**Work to complete**
After locating "For me, worklets", return its line and all lines that follow through the end of the listing below, exactly; leave out pictures.

**Records supplied**
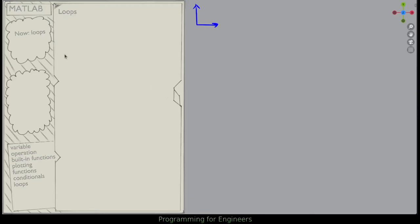So thus far we've talked about variables, operations on variables, built-in functions, plotting, our own functions that we make, conditionals, and now we're going to be talking about loops.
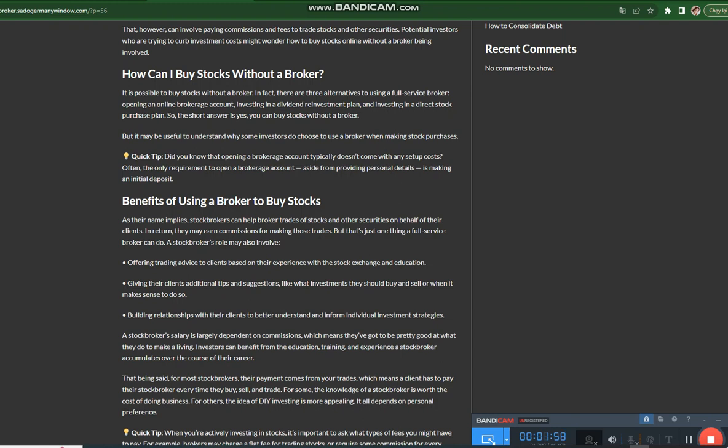A stockbroker's role may also involve offering trading advice to clients based on their experience with the stock exchange and education, giving their clients additional tips and suggestions like what investments they should buy and sell or when it makes sense to do so, and building relationships with their clients to better understand and inform individual investment strategies.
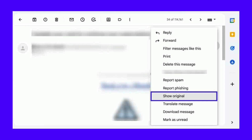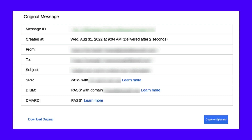Using Gmail as an example, to view the email headers, you can click on the three vertical dots next to reply in the top right corner of an email. Then select show original. In the window that opens, you can view information about the original message, including whether it was a DMARC pass or fail. In this example, the email authentication passed.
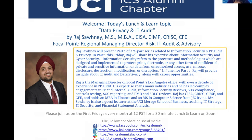Welcome everybody back to our lunch and learn series. We're moving to a different model — we will do this every month for the rest of this year and evaluate our frequency model after that.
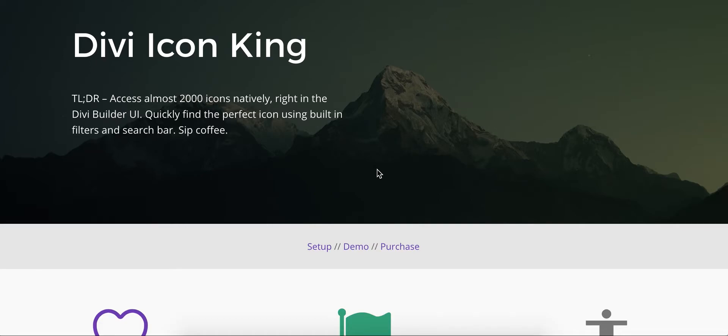Hey, what's going on everybody? It's Alex from GreenTree Media again. Just wanted to share with you a new plugin I built for the Divi theme called Divi Icon King.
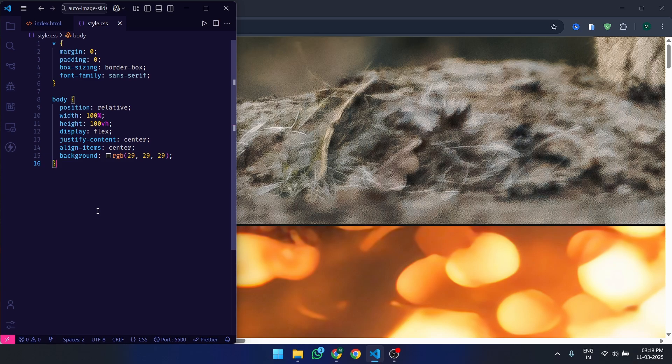Here, we make the body take up the full viewport height, 100vh, and use flexbox to center the slider both horizontally and vertically. The dark background makes the slider stand out.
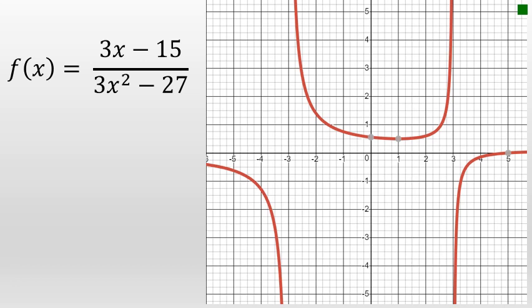Here we see the graph of f of x equals 3x minus 15 over 3x squared minus 27. The problem we just solved was for this function — the limit as x approaches 3 from the left. And if we take a look at this graph, at x equals 3, as we determined, there does appear to be a vertical asymptote at x equals 3. And from the left, as this graph gets closer and closer to x equals 3,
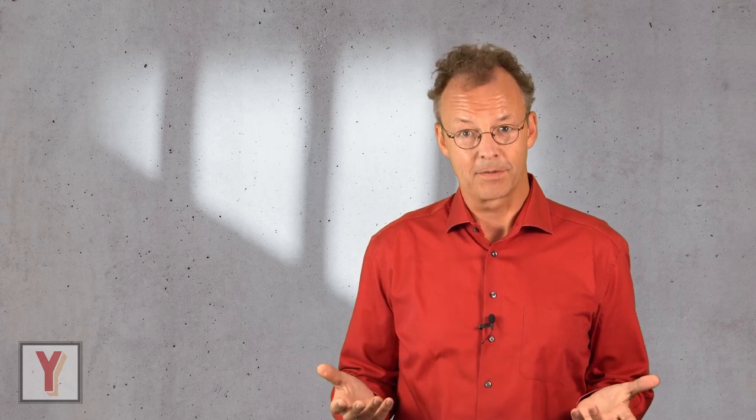For me, worklets are one of the most useful features in YAWL. In the next video, we will talk about Xlets. See you later.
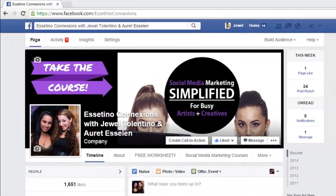Hey guys! How's it going? My name is Jewel Tolentino and in this video I'm going to show you how to comment as yourself on your Facebook fan page.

**Task response**
For me, worklets are one of the most useful features in YAWL. In the next video, we will talk about Xlets. See you later.
Hey guys! How's it going? My name is Jewel Tolentino and in this video I'm going to show you how to comment as yourself on your Facebook fan page.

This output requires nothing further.